Me revient donc le titre de ce livre autrefois célèbre de Serge Leclaire, Démasquer le réel (1971). Je croyais disposer de ce livre pendant les vacances, mais en fait il n’était pas chez moi et je n’ai pu l’avoir que ce dernier week-end. Mais je vais quand même tenter de m’en servir pour mon propos. En fait, je me doutais bien que, en cette réminiscence de
« démasquer le réel » de ce livre, j’allais être un peu touché par la position de Serge Leclaire, dans cette espèce de, à la fois de souci d’être fidèle à l’enseignement du maître, Lacan, et en même temps un souci d’originalité qui déchire en permanence son texte, avec une espèce de position d’autocritique masquée, mais qui est assez perceptible. En plus, c’est quand même des livres qui sont assez anciens et qui nous rappellent notre propre entrée dans l’analyse et nos difficultés avec la théorie.
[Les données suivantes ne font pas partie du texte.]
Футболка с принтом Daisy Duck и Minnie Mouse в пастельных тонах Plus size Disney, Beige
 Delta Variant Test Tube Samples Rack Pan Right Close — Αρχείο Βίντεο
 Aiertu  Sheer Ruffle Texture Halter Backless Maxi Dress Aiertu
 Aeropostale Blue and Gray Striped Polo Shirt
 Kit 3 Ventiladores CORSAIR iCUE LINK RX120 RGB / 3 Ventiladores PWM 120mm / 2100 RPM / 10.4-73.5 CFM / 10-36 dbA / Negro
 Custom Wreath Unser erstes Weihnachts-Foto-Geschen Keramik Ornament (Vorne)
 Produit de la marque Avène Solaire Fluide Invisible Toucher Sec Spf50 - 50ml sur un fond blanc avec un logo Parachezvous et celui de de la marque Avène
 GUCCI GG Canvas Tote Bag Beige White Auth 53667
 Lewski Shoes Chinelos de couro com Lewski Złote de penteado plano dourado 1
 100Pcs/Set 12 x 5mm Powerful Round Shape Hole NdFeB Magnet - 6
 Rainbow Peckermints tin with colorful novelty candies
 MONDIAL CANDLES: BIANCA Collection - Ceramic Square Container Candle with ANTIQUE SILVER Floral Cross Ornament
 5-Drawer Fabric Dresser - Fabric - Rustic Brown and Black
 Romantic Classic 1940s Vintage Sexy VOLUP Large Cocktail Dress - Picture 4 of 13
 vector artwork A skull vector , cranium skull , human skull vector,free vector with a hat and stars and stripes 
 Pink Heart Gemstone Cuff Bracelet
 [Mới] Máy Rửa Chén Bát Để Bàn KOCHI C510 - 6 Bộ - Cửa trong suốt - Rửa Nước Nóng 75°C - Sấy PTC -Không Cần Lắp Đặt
Donc ce texte, je n’ai pas eu le temps de le relire en entier. Mais je vais tenter de m’en servir pour mon propos. Ce titre, en effet, Démasquer le réel, m’est apparu soudain comme assez violent. Le livre a paru 3 ans après Psychanalyser (1968), autre livre dans lequel S. Leclaire déplie le cas de Philippe avec la découverte de ce qu’il appelle « son nom secret » : Pôor (d) j’e − li qu’il n’écrit d’ailleurs pas toujours de la même façon.